During the past forty years, much has been written relative to what is commonly referred to today as “Total Assets of the Business” or “Business Enterprise Approach”, and how the concept relates to lodging facilities. Unfortunately, most of what has been esoterically posited has been baseless and unsubstantiated by “the market” and has been put forth, for the most part, by generalist professionals who have no hotel educational background; little, if any, hands-on hotel operational experience; and little, if any, hotel investment expertise.
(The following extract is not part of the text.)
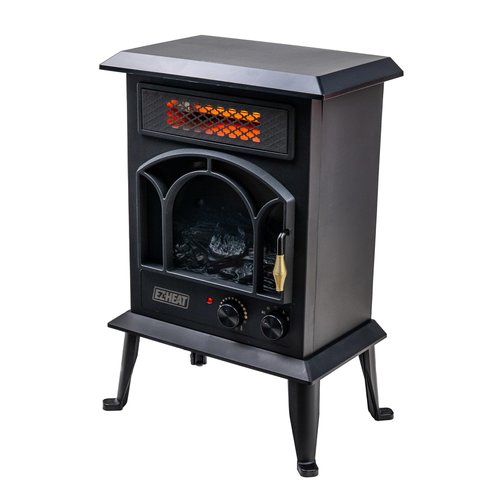 EZ-Heat Electric Fireplace Space Heater with Flame Effect, Adjustable Thermostat, Dual Heat Settings, and Overheat Protection, MT1288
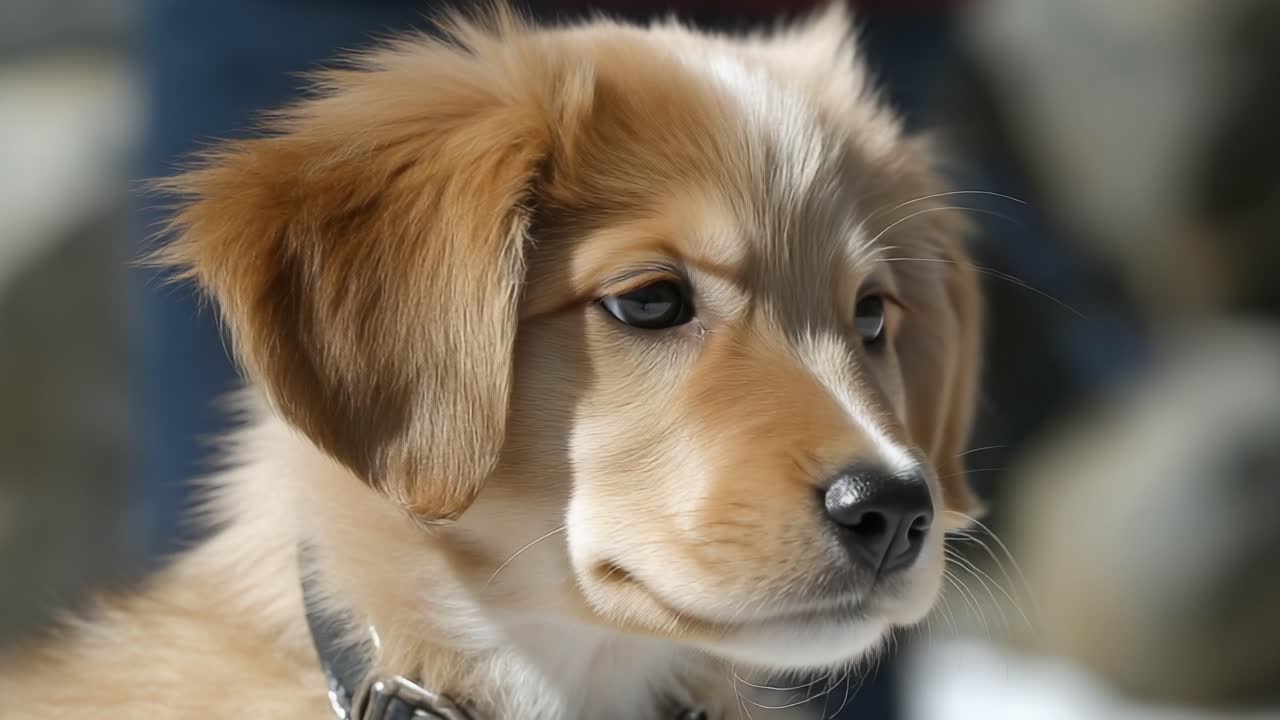 Adorable Golden Puppy Captivating Hearts with Its Playful Expression in Two Frames of Life's Precious Moments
Essentially, these theories and methodologies are merely hypothetical academic constructs without any market foundation which have been developed by advocates for advocates for the sole purpose of reducing hotel property tax burdens.  Analysis of the actions of hotel investors, however, indicates that the purchase of a hotel property reflects the acquisition of real and personal property only.  Hotel investors account for income attributable to the business through the expense deduction of management and franchise fees.  An investor purchasing a hotel “unencumbered” by a management agreement will not pay for a seller assembled work force, business name, patents, copyrights, working capital and cash, operating procedures, and manuals. A passive investment in a first-class hotel “encumbered” by a long-term hotel management agreement is riskier, but no different than a passive investment in a class A office building occupied by a long-term credit worthy tenant.  Either passive investment yields a risk adjusted return on property and not a business.

There can be only one market value and the method employed to determine such must be the same under any circumstance including property tax appeals.  In other words, the assets and the rights being valued do not change just because the use of an appraisal varies. Knowledgeable hotel investment market participants including buyers, sellers, lenders, and intermediaries do not acknowledge existence of, nor ascribe a separate value to intangible asset(s).  Other than a deduction for management and franchise-related fees, this element is not reflected in their underwriting and investment decisions.  It is only property tax advocates that utilize “Total Assets of the Business” or “Business Enterprise Approach”, and for the sole purpose of attempting to achieve reduced hotel property assessment valuations.  If “Total Assets of the Business” or “Business Enterprise Approach” were utilized for mortgage debt purposes, hotel real property market values could be highly deflated due to an inordinate amount allocated to unfinanceable intangible assets, and result in greatly diminished debt proceeds and existing loans deemed underwater.

The issue of the appropriate treatment of hotel intangibles has engendered much confusion and discussion among appraisers, assessors, attorneys, judges, lenders, and regulators. The matter has been over-complicated for nothing, and way too much time has been spent debating this issue. The fact is that the “Rushmore Approach” has endured because it reflects the thinking and actions of hotel investment market participants. Until the market alters its underwriting/pricing of hotel assets, there is no justification to accept unfounded “violation” and/or “illegal” judicial property tax valuation rulings promulgated by courts of law that know little, if anything, about real estate and/or hotels.